The halting but substantial steps in several states and countries toward cannabis legalization is significant for several reasons beyond the well-known benefits regarding crime, imprisonment, medicine, and industrial hemp. First, it implies a release of the mentality of control: interdiction, punishment, and psychological conditioning. Second, as I just discussed, the object of control – cannabis – is corrosive to the cages we have lived in. Third, it is part of a deep shift in consciousness away from separation and toward compassion.
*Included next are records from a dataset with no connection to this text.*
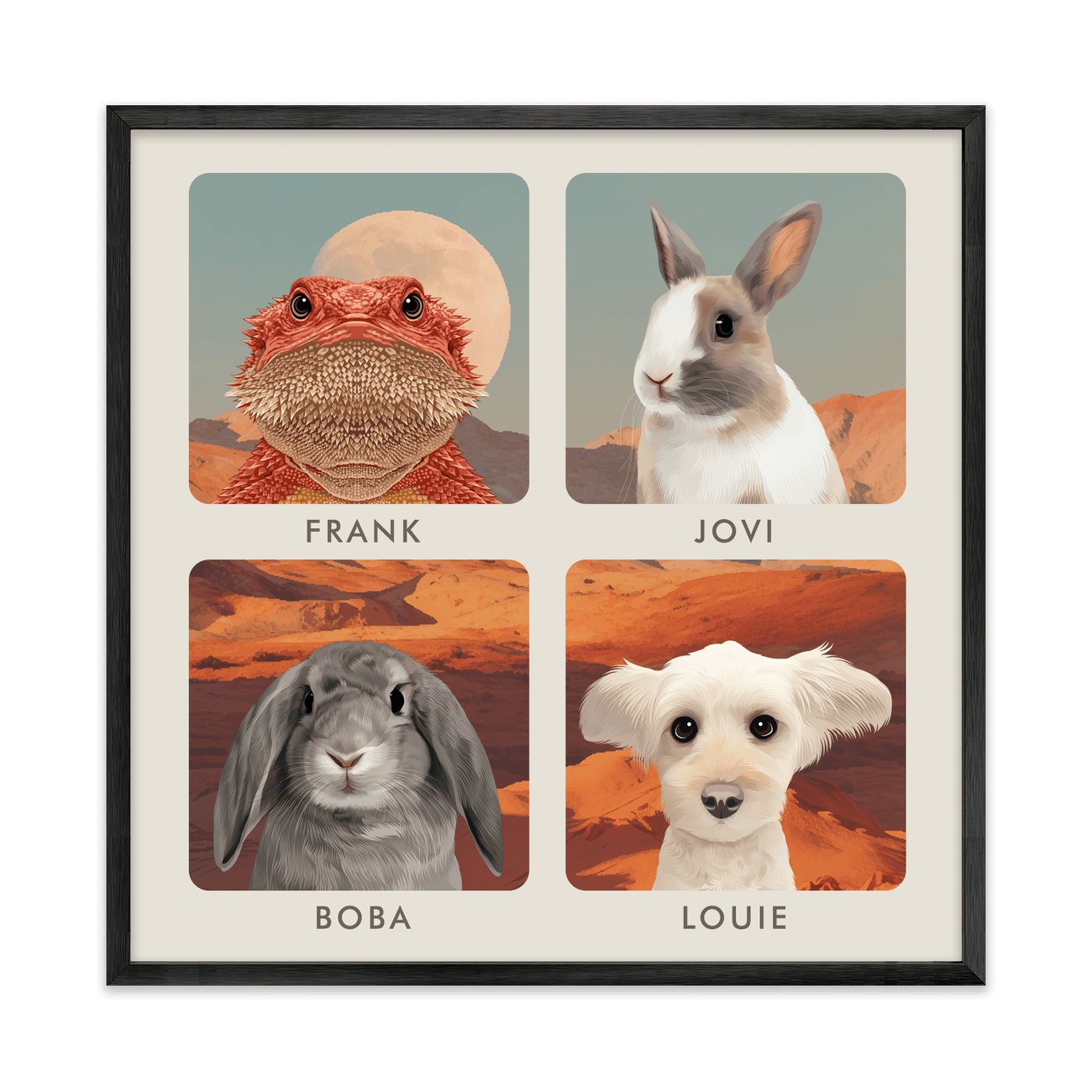 4petportrait-square-desertmoonriselandscape_Metal-Frame.png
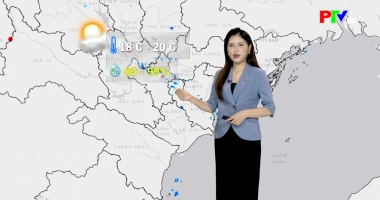 Dự báo thời tiết ngày 5-12-2025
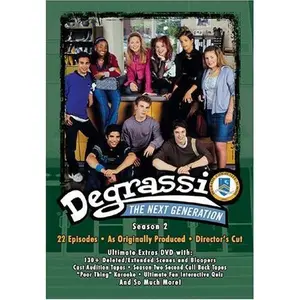 USED-Degrassi: The Next Generation, Season 2 (DVD)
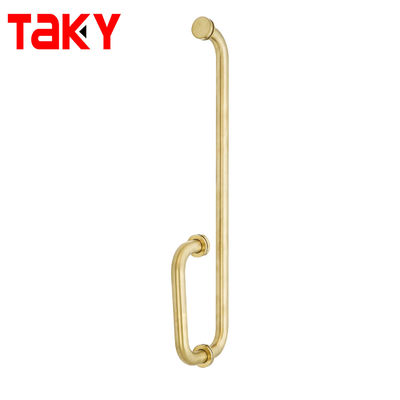 Good price Wholesale Stainless Steel Gold Sliding Glass Door Pull Handle Shower Glass Door Handle online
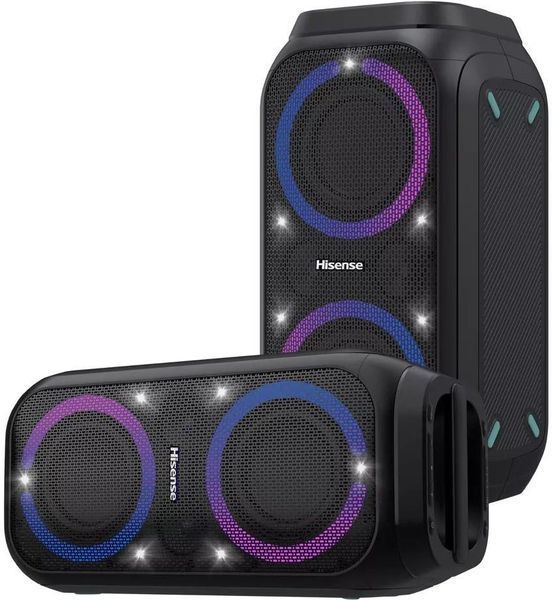 Портативная колонка Hisense Party Rocket HP160 Black 609368 фото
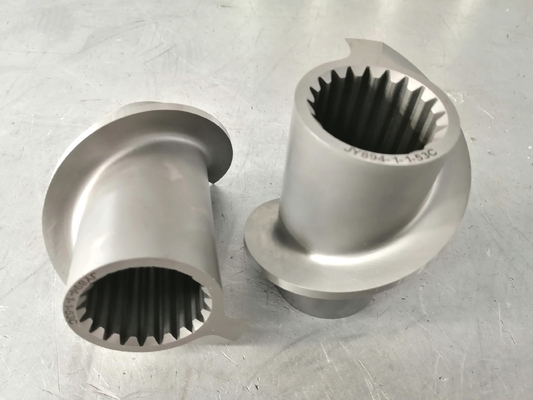 Grade 9H Twin Screw Extruder Kneading Block voor gepofte voedingsmiddelenindustrie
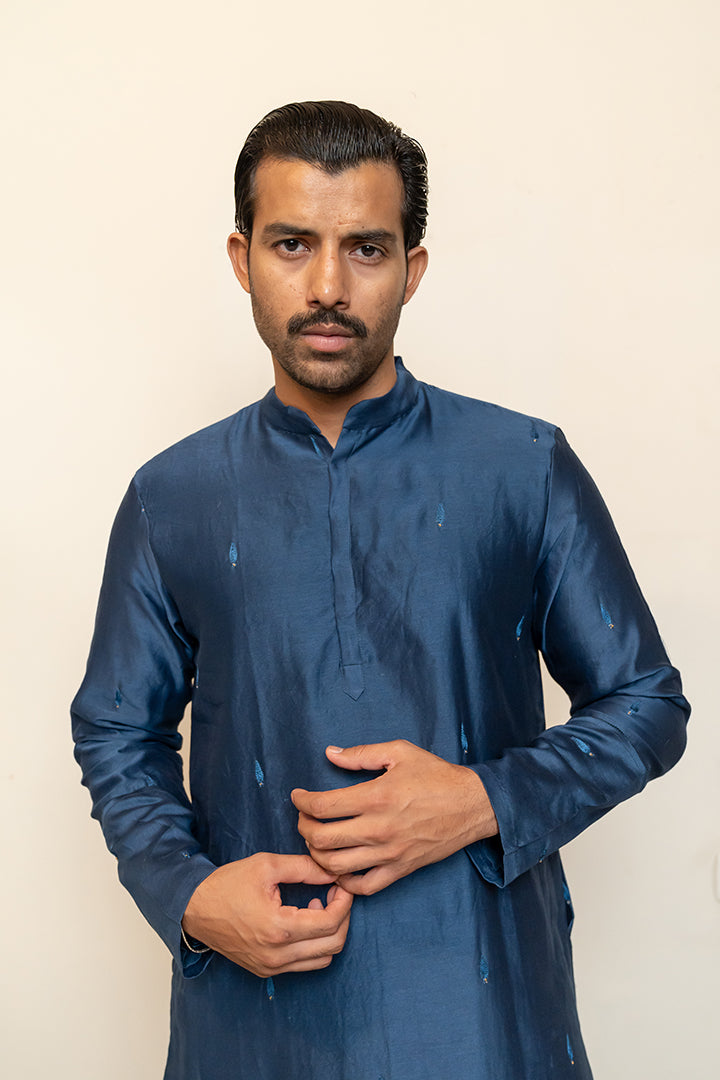 Sarv Kurta - Blue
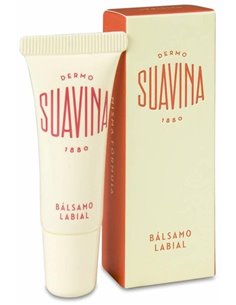 Suavina Original Balsamo Labial Tubo 10Ml de Suavina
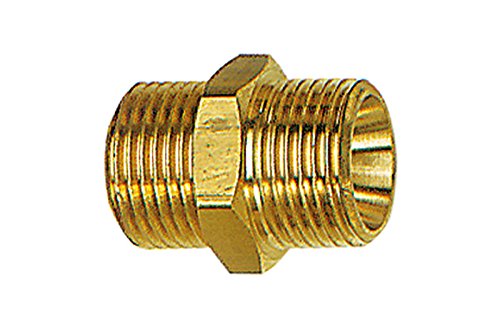 RIEGLER 111170-252.07/2-1 Doppelgewindenippel, zyl., G 1... - Amazon Allemagne à 4.13€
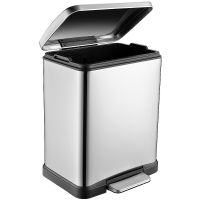 Товар: Ведро для мусора WasserKRAFT K-622 Нержавеющая сталь - фото 2 Ведро для мусора WasserKRAFT K-622 Нержавеющая сталь — фото 2, Мусорные ведра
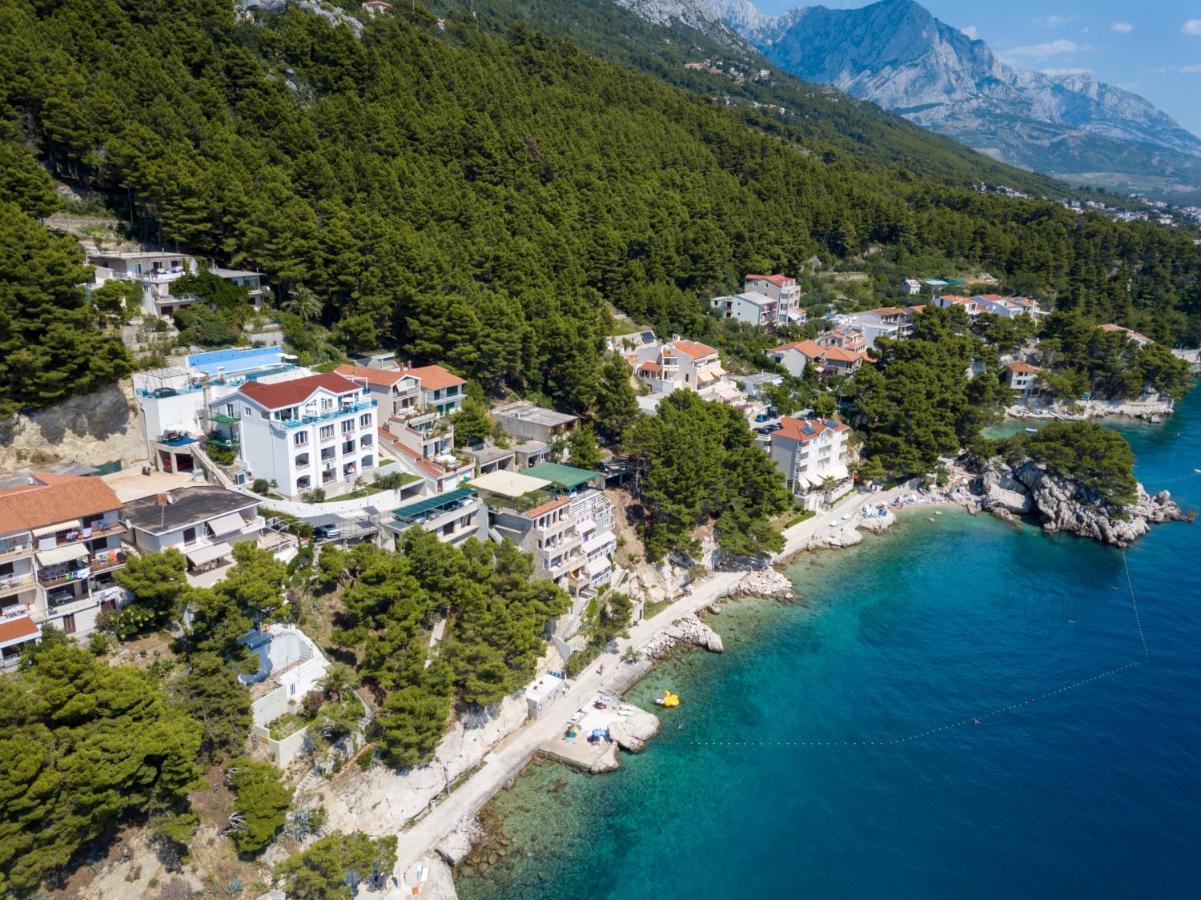 Villa Visnja Prestige Brela Bagian luar foto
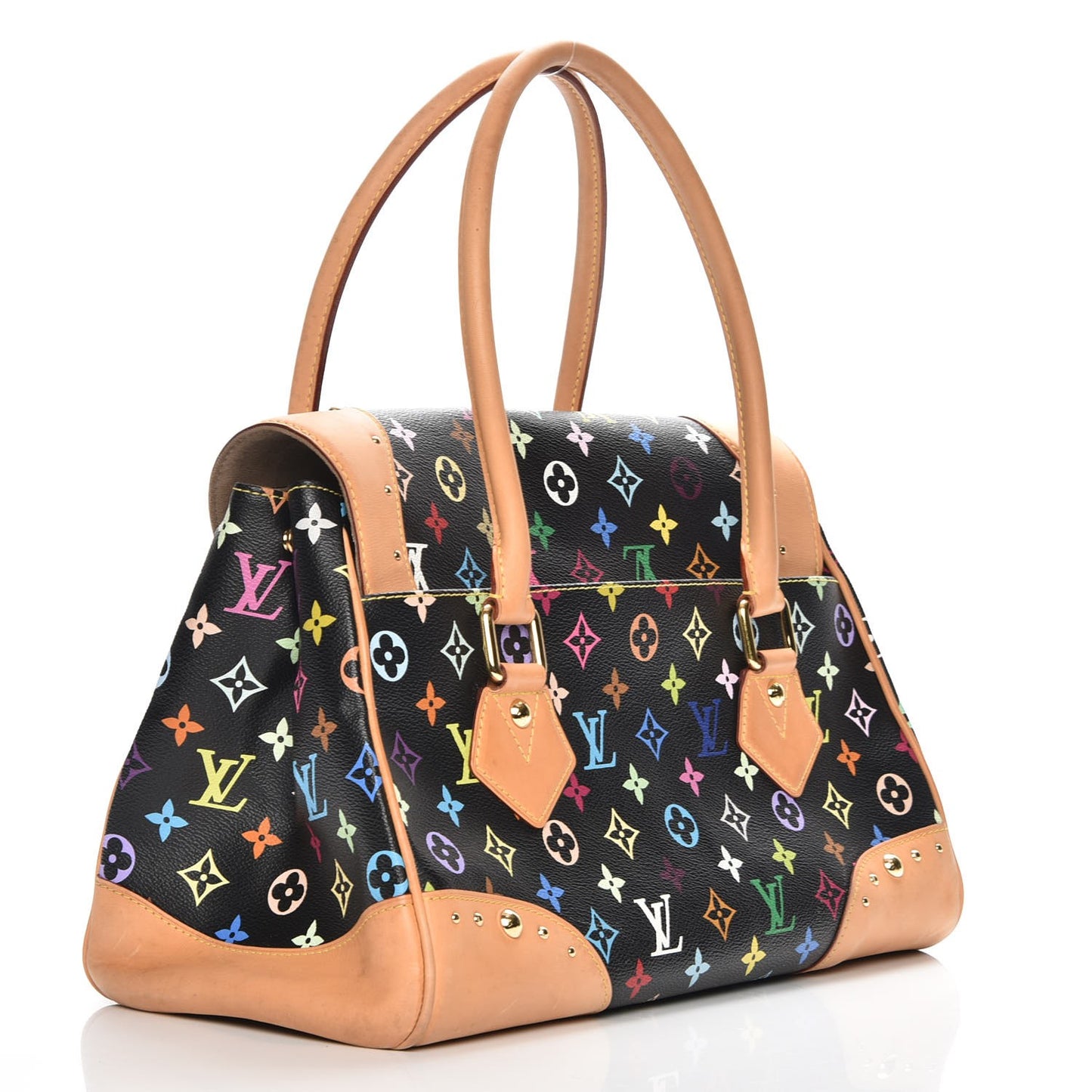 Monogram Multicolor Beverly GM Black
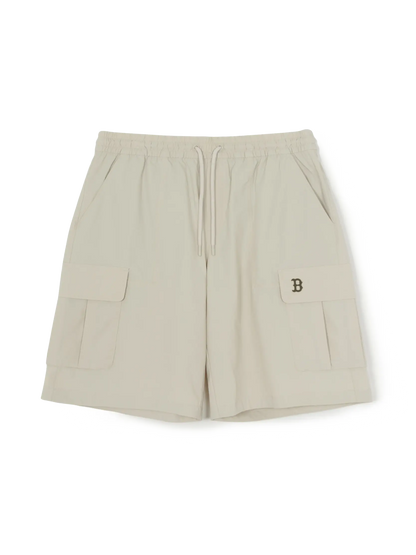 [Aespa karina Worn] 26 Summer MLB Basic Gorpcore Nylon Cargo Half-length Shorts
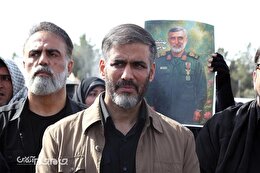 گزارش تصویری | تشییع پیکر سردار شهید امیر علی حاجی زاده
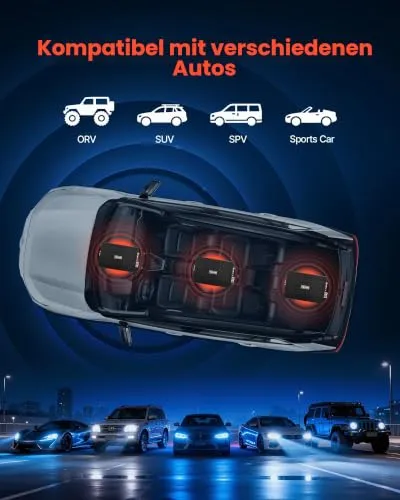 VEVOR Autoverstärker 4-Kanal 5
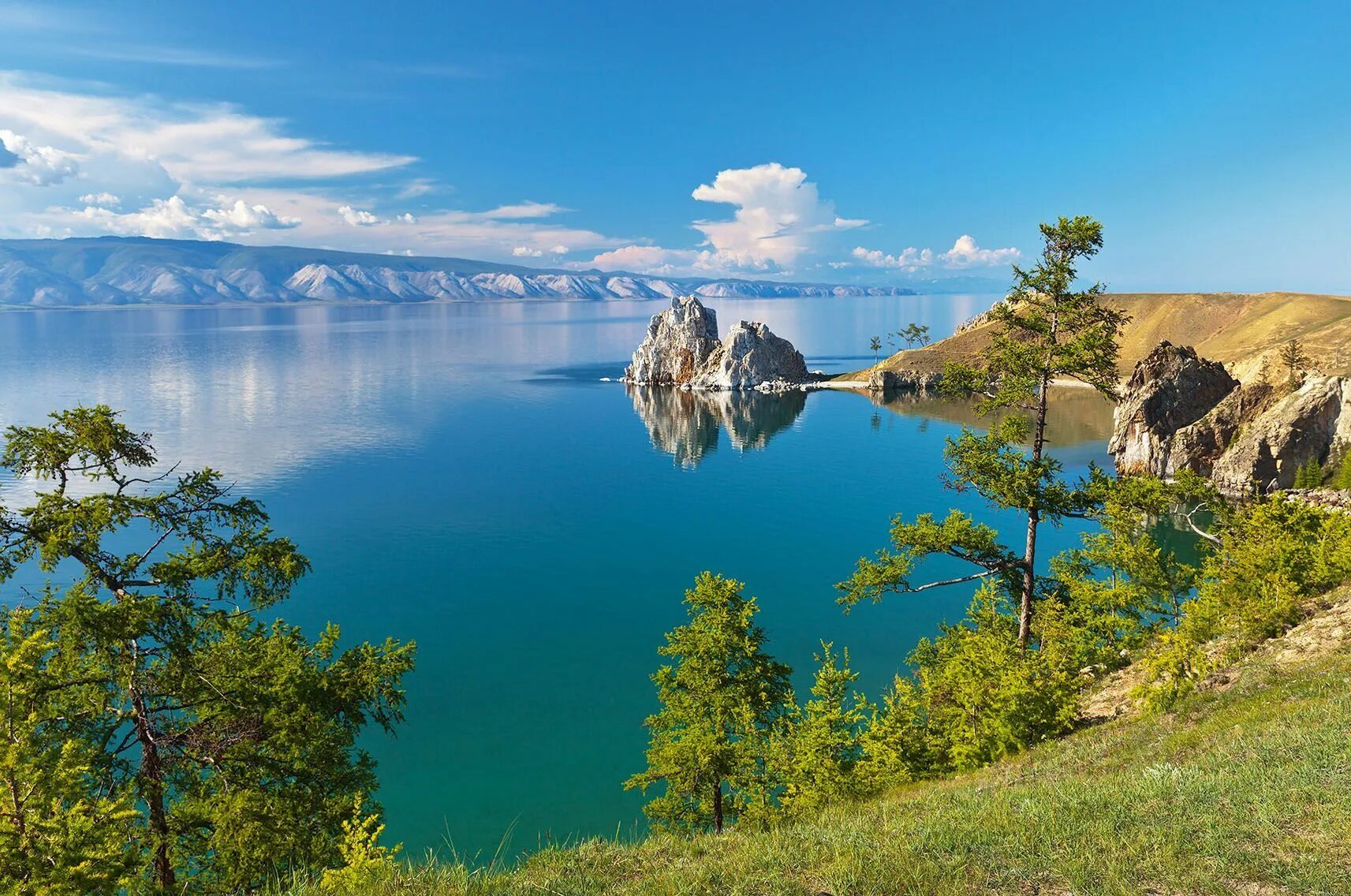 Картинка озера байкал фото Фотообои Vostorg № 289 Ольхон.Байкал 392х260см - купить по выгодной цене в интер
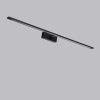 Fali lámpa ISLA fekete IP44 1x32W LED 96cm Light Prestige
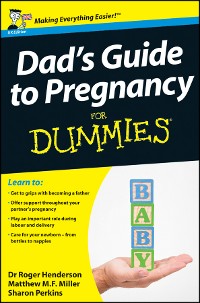 Cover Dad's Guide to Pregnancy For Dummies, UK Edition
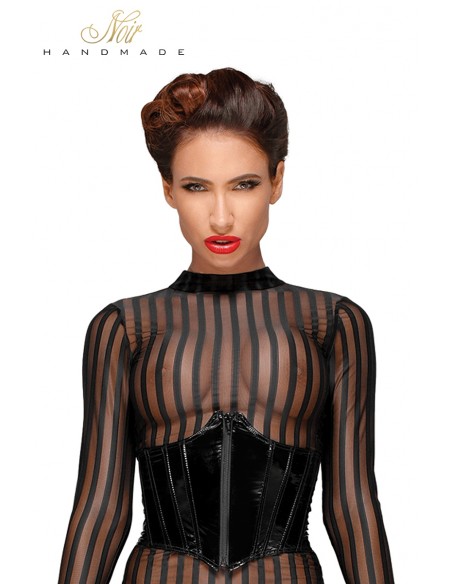 Robe sexy transparente F182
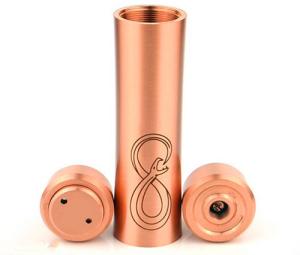China 2014 popular high quality full copper oros mod clone fit for 18650 battery wholesale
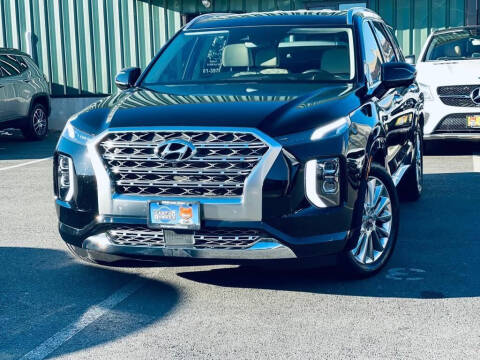 2020 Hyundai Palisade for sale at AGM AUTO SALES in Malden MA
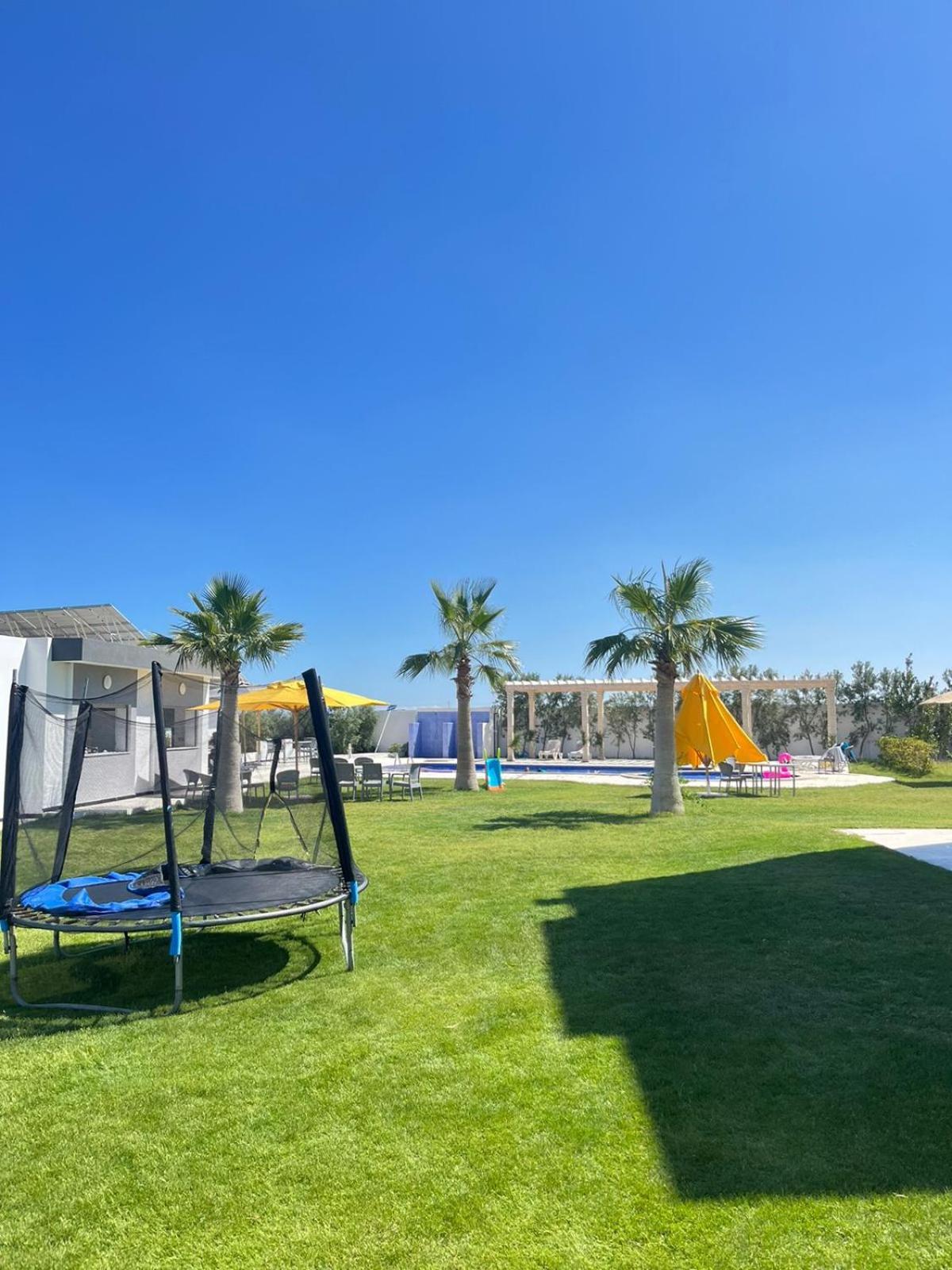 Villa Olivia, Yasmine Hammamet, Bouficha מראה חיצוני תמונה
The mentality of control is predicated on the question of whom or what is to be controlled. Drug War thinking blamed the individual drug user for making poor moral choices, a view grounded in the theory that social psychologists call dispositionism – that human beings make free-willed choices based on a stable character and preferences. While dispositionism acknowledges the influence of environment, it says essentially that people make good choices because they are good people, bad choices because they are bad people. Deterrence, education, and interdiction spring naturally from that philosophy, as does our criminal justice system at large. Judgment and paternalism, inherent in the whole concept of “corrections,” are built into it, because it says, “If I were in your situation, I would have done differently than you.” In other words, it is an assertion of separation: I am different from (and if you are a drug addict, better than) you.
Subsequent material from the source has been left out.